Egyptian President Mohammed Morsi recently made some surprising remarks at a media festival in Cairo in which he warned about what he called Iran’s threat to Persian Gulf countries. Morsi also called for the establishment of a defense alliance of Arab countries, a move which seems to be in line with Morsi’s efforts to attract more economic assistance from wealthy Arab states.
It is not clear, though, what Morsi meant by claiming there is an Iranian threat to the countries on the southern shores of the Persian Gulf, since Iran has always extended a friendly hand to its neighbors and other countries. Moreover, Egypt has no geopolitical interests in the Persian Gulf region, and if anything happens in the region, Cairo would never be a part of the story.
Thus, the ostensible convergence of Morsi’s stance with the positions of the rulers of the Arab countries of the Persian Gulf is just a move meant to encourage them to pump more money into Egypt’s ailing economy.
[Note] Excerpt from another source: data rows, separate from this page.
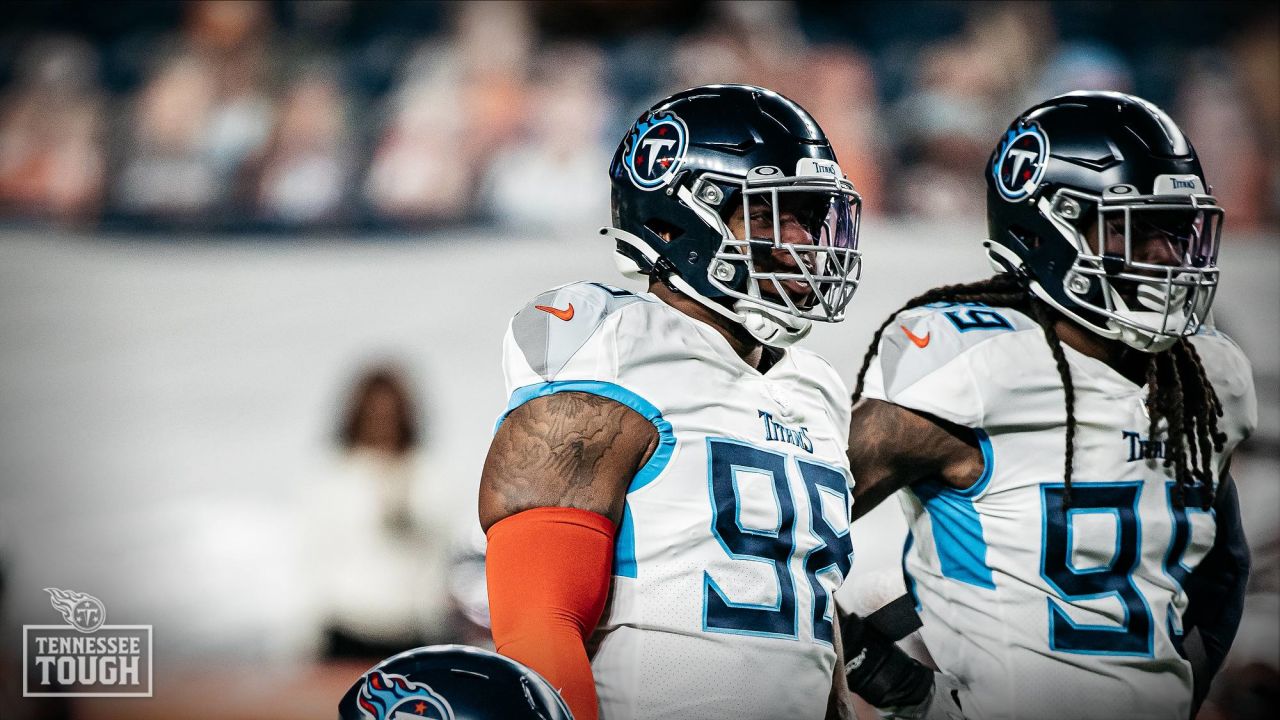 Tennessee Titans linebacker Jadeveon Clowney (99) plays against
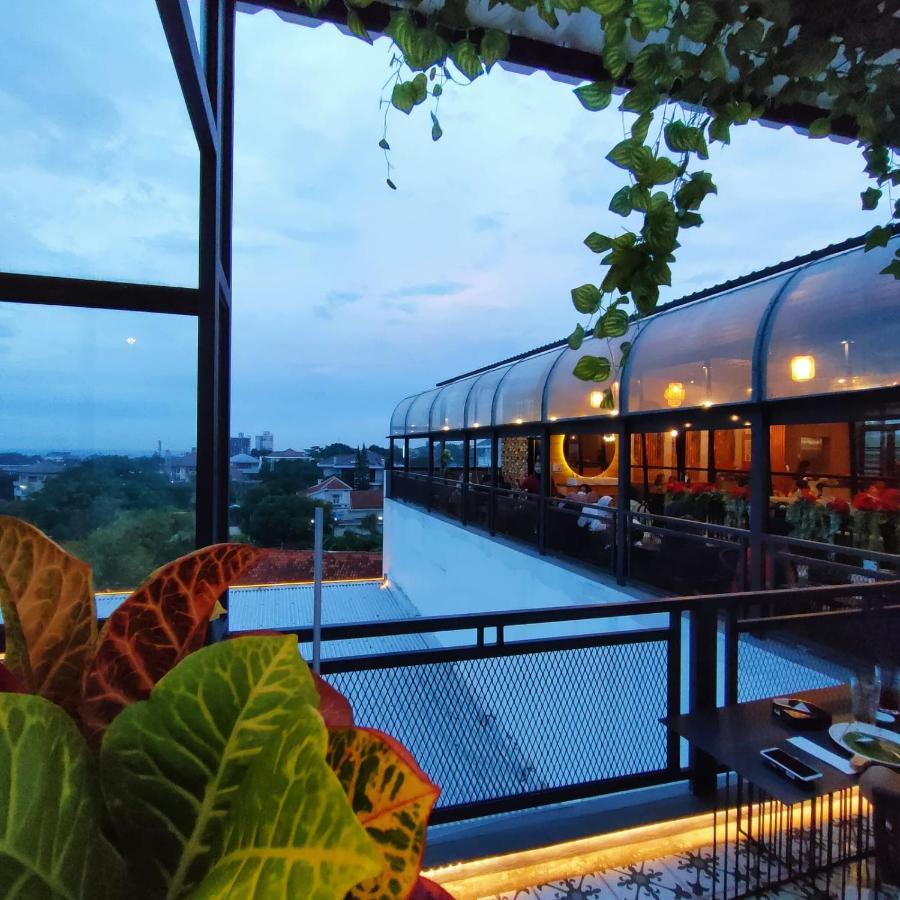 Kala Hotel Semarang Jomblang Экстерьер фото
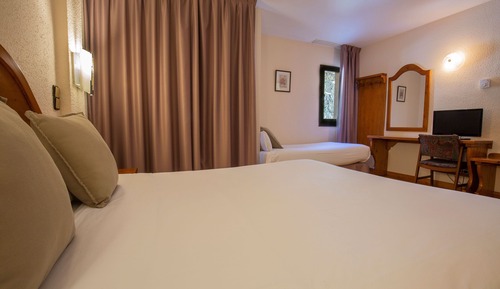 Habitación triple familiar (2 Adultos + 1 Niño)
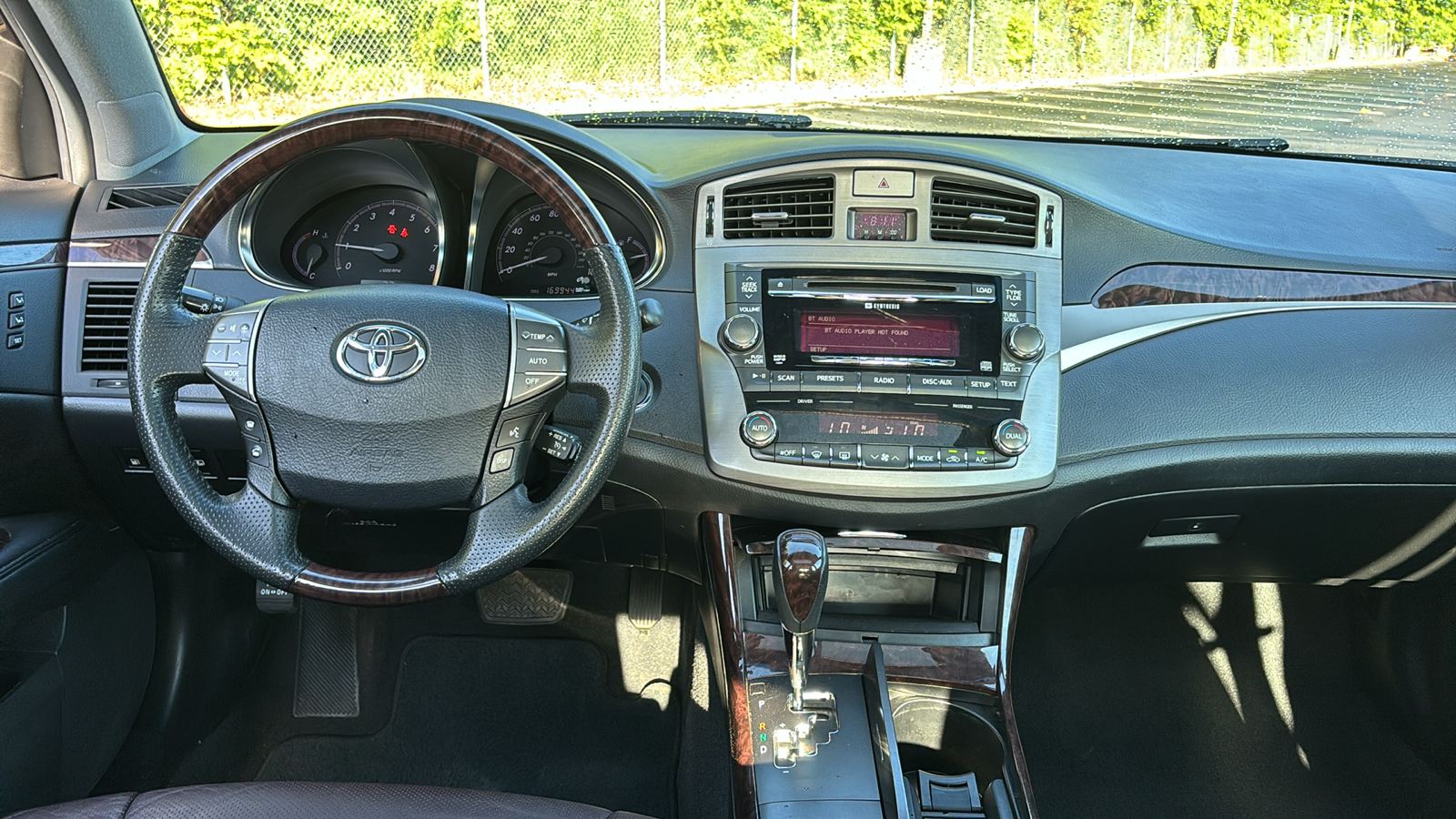 2011 Toyota Avalon Limited 38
So far, the governments of Saudi Arabia and Qatar have granted billions of dollars to Cairo in the form of loans and investments, and this trend is expected to continue since Egypt is in urgent need of cash to meet its budgetary needs.
Morsi’s claims about a convergence of the interests of Egypt and the Arab countries of the Persian Gulf are also very unrealistic, given the traditional hostility of most Arab rulers to the Muslim Brotherhood, which is regarded as the ruling party of Egypt. In the United Arab Emirates, for example, 10 members of the Muslim Brotherhood were recently arrested on charges of extremist activities. The government of Kuwait is also totally opposed to the political presence of the Brotherhood in the country, and the party was disqualified and barred from participating in the recent election. In Bahrain, followers of the Brotherhood are fighting against the government alongside the Shias, and in Saudi Arabia the government has repeatedly arrested members of the party. Thus, there is no logical link between the interests of the Arab governments of the Persian Gulf and the new Egypt, with its Muslim Brotherhood leadership.
Morsi’s initiative to establish a NATO-like defense organization for Arab countries, with Egypt as a key member, will certainly fail because there is no natural or ideological connection between the new Egypt and the Arab monarchies of the Persian Gulf. In the past, similar initiatives also failed, like the proposal for Egypt and Jordan to form a group with the six members of the Persian Gulf Cooperation Council and the proposal for these eight countries and Syria to form a group.
Thus, Morsi’s proposal to form a defense alliance like NATO is just another tactic to convince rich Arab monarchs to open their coffers and spend some money on Egypt.
Hossein Ruivaran is a Middle East expert based in Tehran.